Brèves

 

LA CAPITULATION ALLEMANDE - 8 MAI 1945

Monsieur Marcel AMATRUDA est né en 1922 à Bône en Algérie. Ingénieur des Travaux Agricoles.

Il est mobilisé en novembre 1942, lors du débarquement des alliés en Afrique du nord. Il participe à la campagne d’Italie, puis au débarquement de Provence où il est gravement blessé (pensionné à 70%).

Après une activité au profit du ministère de l’agriculture en Algérie, en Martinique et dans le Lot, il prend sa retraite en 1982. Il se donne alors pleinement à la vie associative aussi bien civile  que celle des anciens combattants.

Son dynamisme, son courage et son efficacité dans ses diverses responsabilités ont été reconnus par de nombreuses distinctions et décorations :

-          Commandeur du Mérite agricole.

-          Officier de l’Ordre national du Mérite.

-          Croix de guerre 1939 – 1945.

-          Médaille militaire.

-          Chevallier de la Légion d’Honneur.

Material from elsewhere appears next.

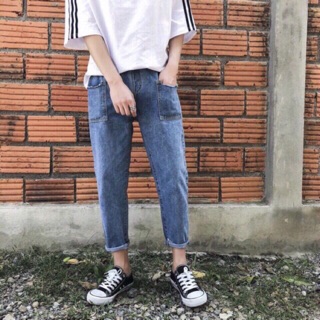Quần baggy jean 2 túi trước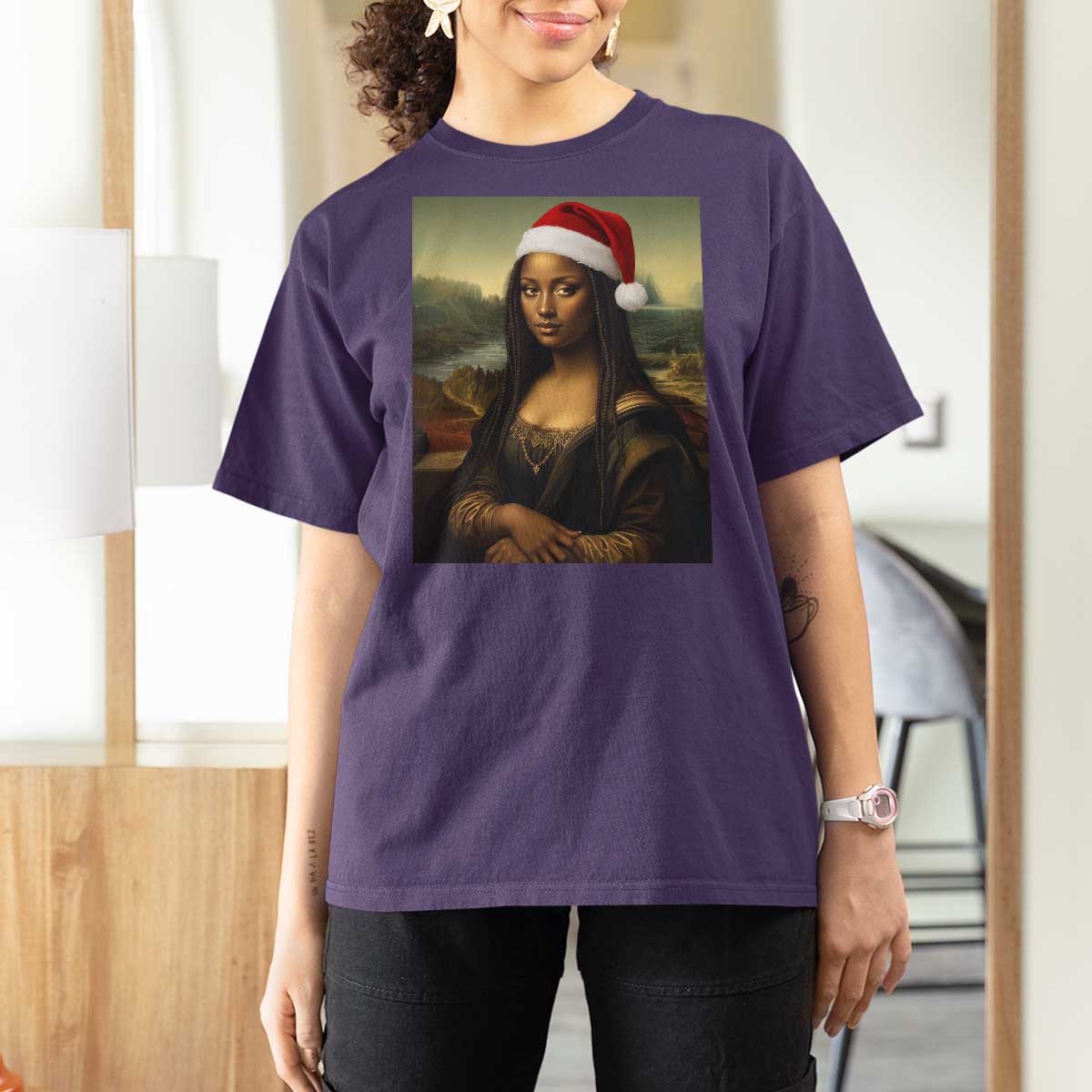 Funny Black Christmas T Shirt For Women Vintage Mona Lisa Afro Santa Da Vinci Xmas - Wonder Print Shop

Il est l’auteur d’articles relatant des actions militaires du dernier conflit mondial, auxquelles il a pris part, en particulier :

-          Souvenirs du Corps expéditionnaire français en Italie, mai 1944.

-          Débarquement de Provence, 15 août 1944.

              A l’occasion de l’assemblée générale de la SEMLH du Tarn-et-Garonne, le 5 avril 2008, Monsieur AMATRUDA, membre du Comité départemental, nous a exposé la capitulation allemande, le 8 mai 1945, que nous reproduisons ci-après.

L’acte de capitulation du Reich Allemand a été signé dans l’Ecole des ingénieurs de l’Armée allemande à Berlin.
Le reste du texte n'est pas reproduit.